* [Task to complete]: Please retype, word for word, the line containing "Sealey SM100 User Manual | 6 pages" and every line after it through the end of the records, leaving out all pictures.

* [Image-caption web data]:
..........

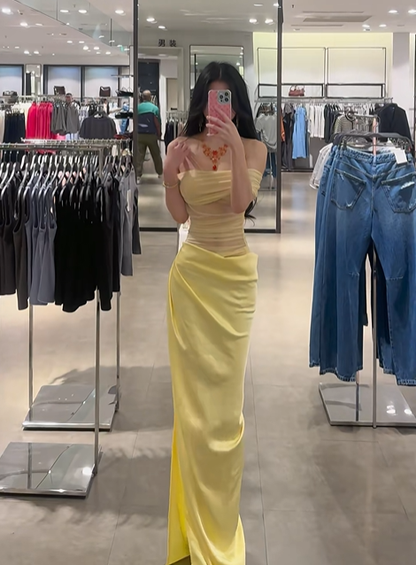 Light yellow off-the-shoulder waist-cinching sexy long prom dress R7912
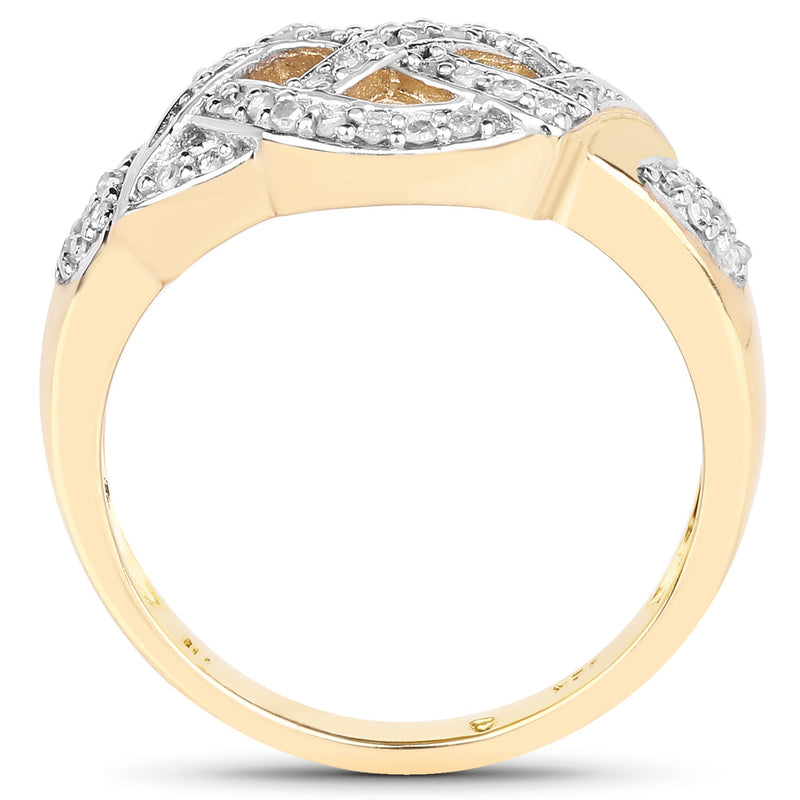 Bids.com 14K Yellow Gold Plated 0.21 Carat Genuine White Diamond .925 Sterling Silver Ring Rings White Smoke size 6.00,size 7.00,size 8.00,size 9.00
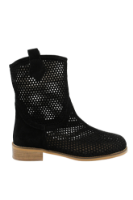 Imagine Ghete de vară negre perforate din piele întoarsă MIR3952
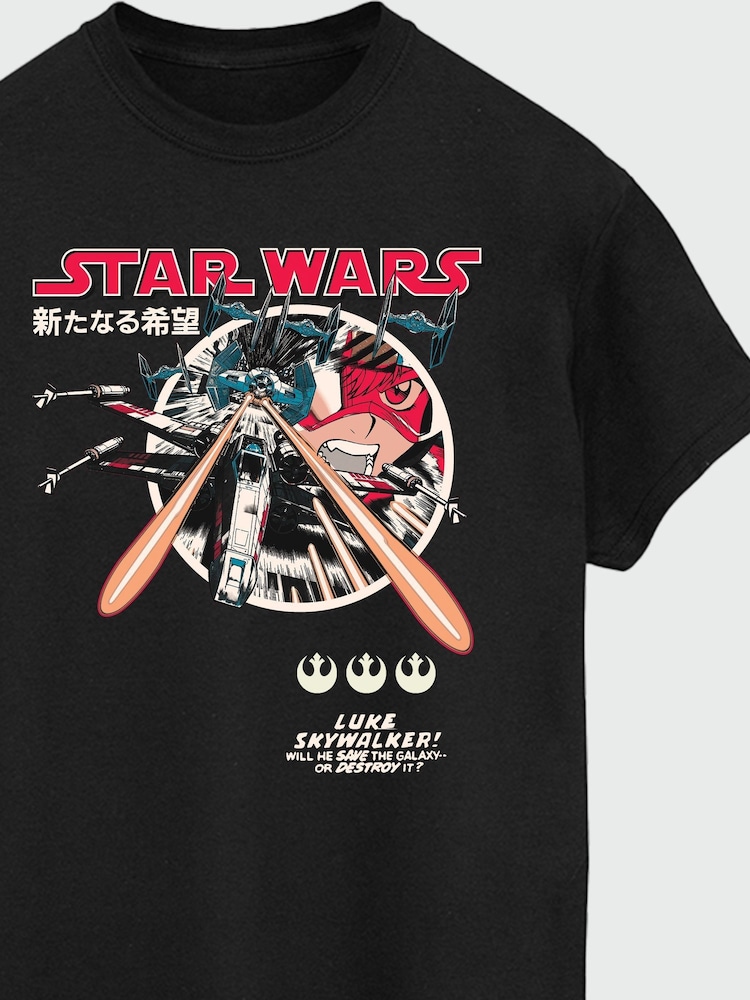 Brands In Black 100% Cotton Star Wars Classic Luke Manga Mens T-Shirt - Image 3 of 3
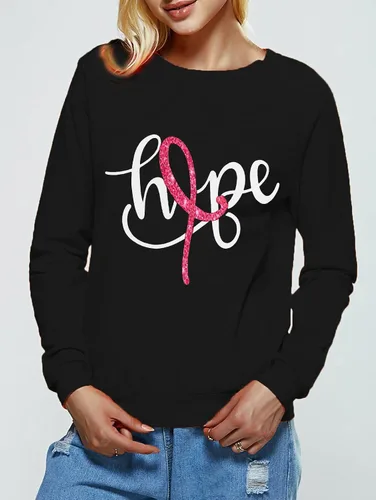 Vista 4 de ALLTB Camisas de cáncer de mama para mujer, sudadera de cinta rosa, camiseta de concientización sobre la lucha contra el cáncer, camiseta casual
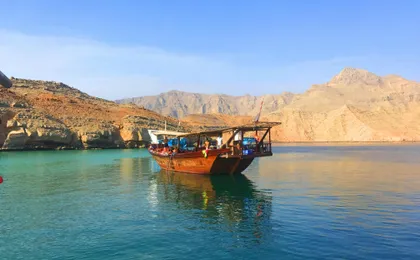Full-day Dhow cruise between the Musandam Fjords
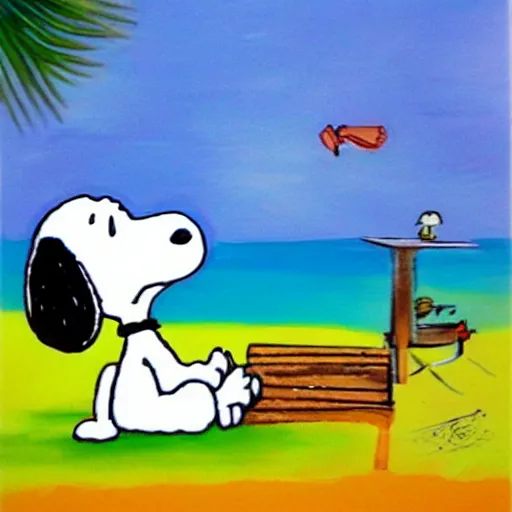 Image similar to snoopy in cancun, paint, art, carton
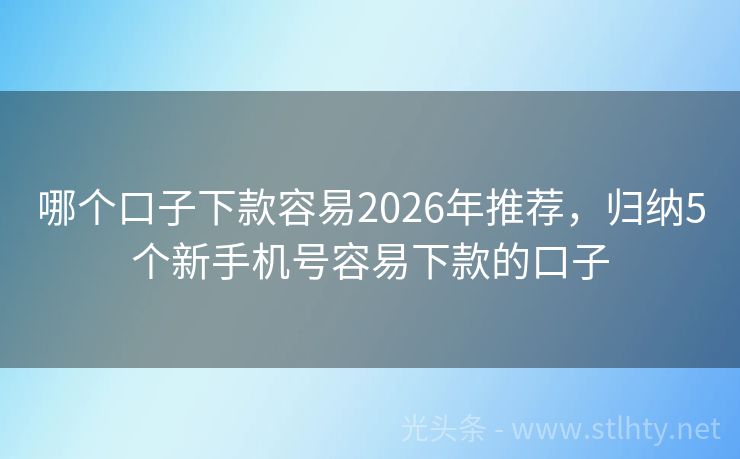 哪个口子下款容易2026年推荐，归纳5个新手机号容易下款的口子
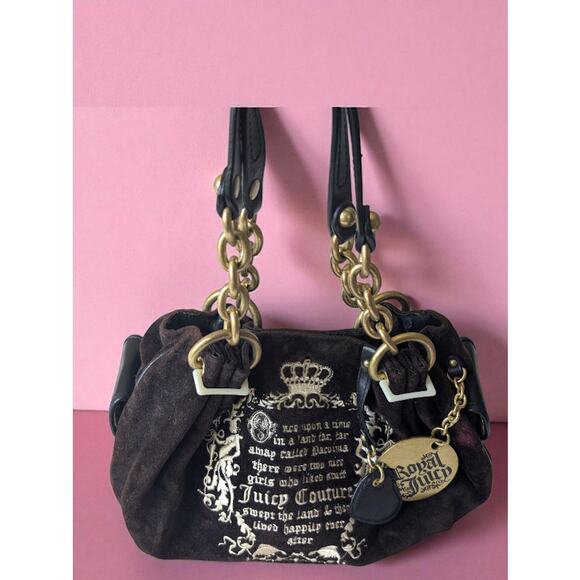 Y2K Juicy Couture Royal Juicy 'Once Upon a Time' Daydreamer Bag – Black Velour - Picture 11 of 15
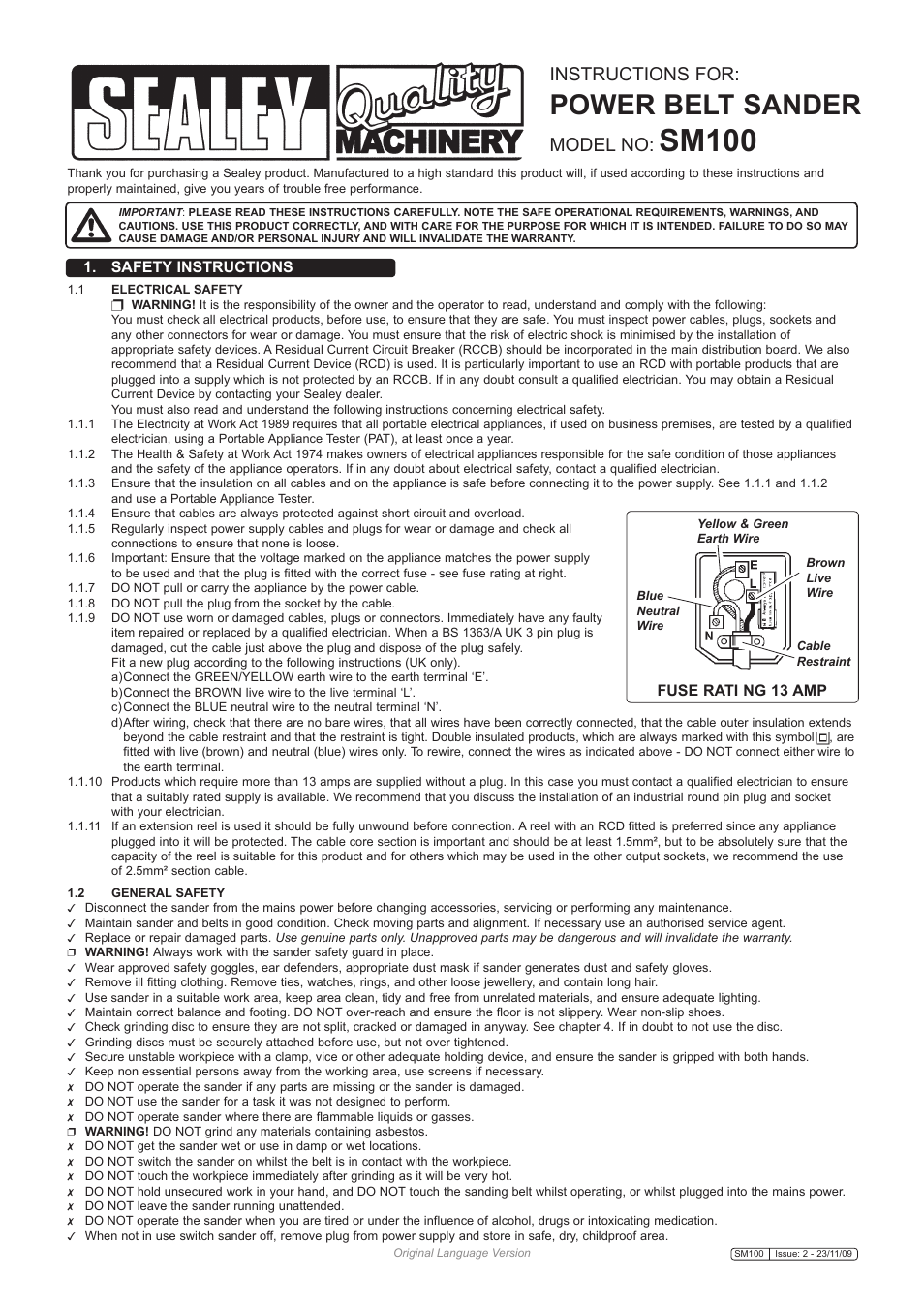 Sealey SM100 User Manual | 6 pages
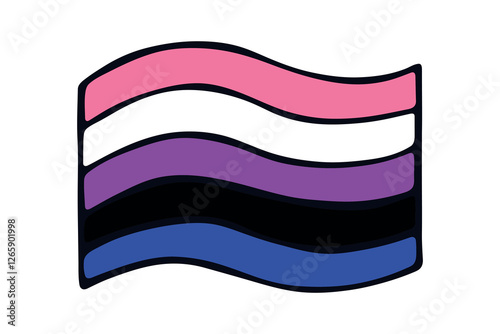 Colorful Gender fluid pride flag Happy pride day LGBTQ community Pride Month Vector hand drawn doodle for posters, stickers, logo, cards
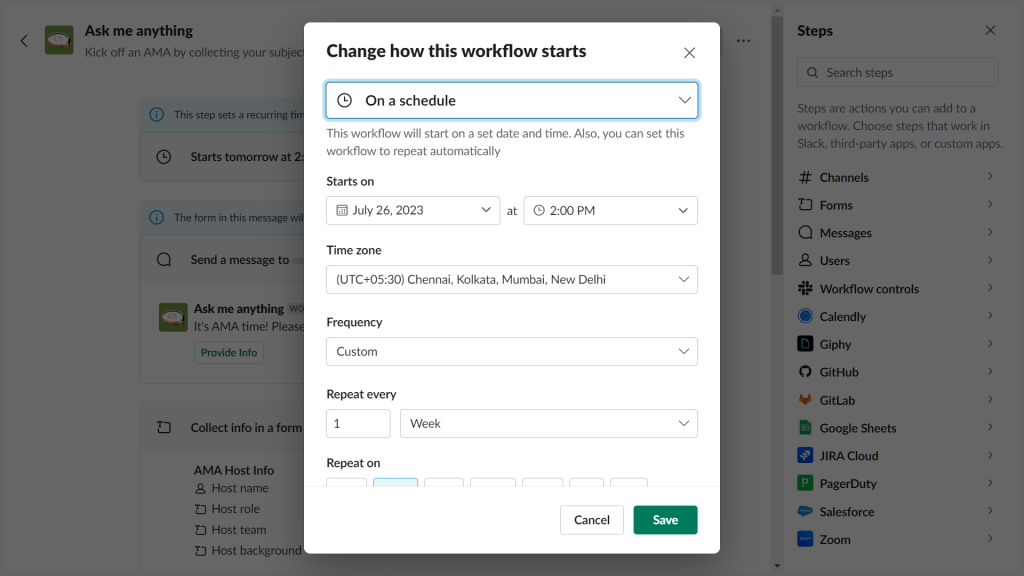 Slack workflow builder screenshot showing editing options to set up the AMA schedule.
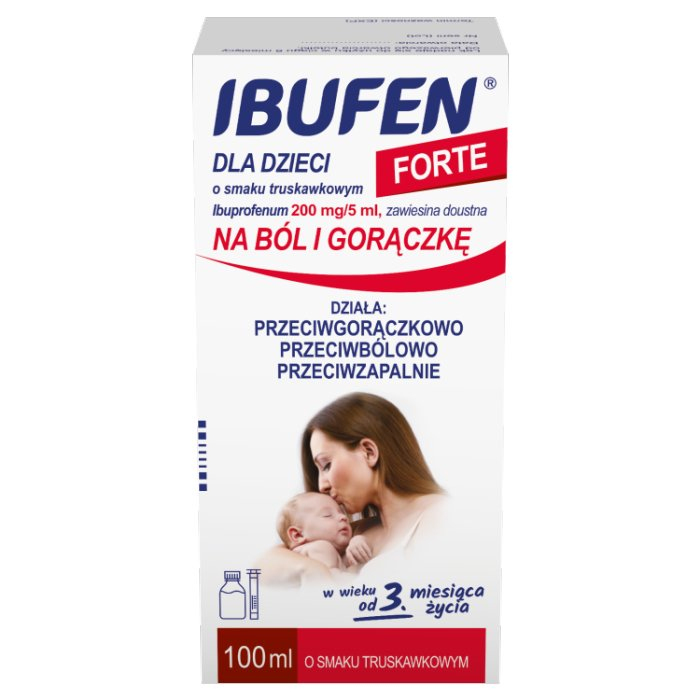 Ibufen Forte zawiesina (smak truskawkowy) 100 ml / Ból i gorączka u dzieci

..........

* [Finished task]:
 Sealey SM100 User Manual | 6 pages
 Colorful Gender fluid pride flag Happy pride day LGBTQ community Pride Month Vector hand drawn doodle for posters, stickers, logo, cards
 Slack workflow builder screenshot showing editing options to set up the AMA schedule.
 Ibufen Forte zawiesina (smak truskawkowy) 100 ml / Ból i gorączka u dzieci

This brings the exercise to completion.